Helps resolve complaints about health services and health service providers, including some disability services and disability service providers


7.3.4 Reviews

The NDIS has a range of mechanisms for detecting fraud, corruption and misuse. These include:

  • audits 
  • data mining/matching and analysis 
  • receiving referrals from other entities and sharing information with them
  • payment monitoring and reviews (regular, random, targeted)
  • internal and external reporting mechanisms (tip offs to fraud reporting hotline and email)

The NDIA conducts random periodic reviews on NDIS compliance with providers and participants. This involves conducting audits and risk assessments for fraud, misuse and conflict of interests.

Support providers may be assessed on their invoicing activities with NDIS participants to validate the existence, quantity and rate of claims. 
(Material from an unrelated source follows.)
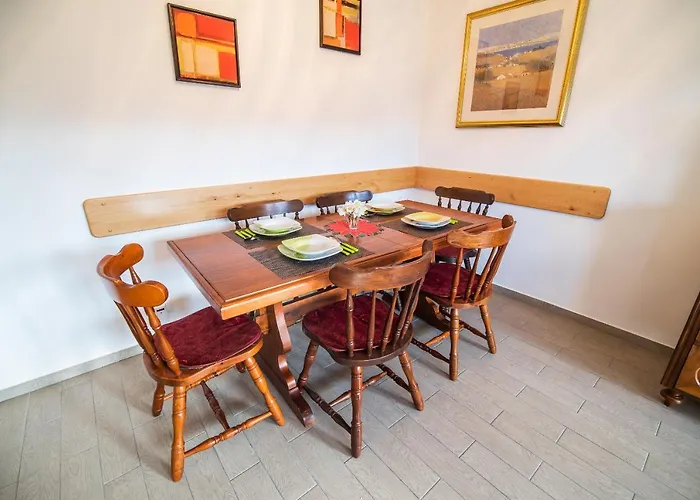 Valley View With Sauna Mrak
All incidents of suspected or potential fraud or corruption committed by staff, participants and providers are assessed by the NDIA Scheme Integrity team.

7.3.5 Consequences

Suspected fraud or misuse will be investigated by the NDIA and further action may be taken against providers, participants or NDIS staff found to be non-compliant with their obligations.

If someone is found committing fraud, corruption, misuse or fails to declare a conflict of interest there can be serious consequences. Consequences can range from loss of job, conviction in a criminal or civil court, attainment of a criminal record or jail. 

Failure of providers to adhere to the NDIS Terms of Business could result in evaluation and revocation of their status as a registered provider. 

Claims that are found to be unsupported by the documentation retained by providers may need to be repaid to the NDIA.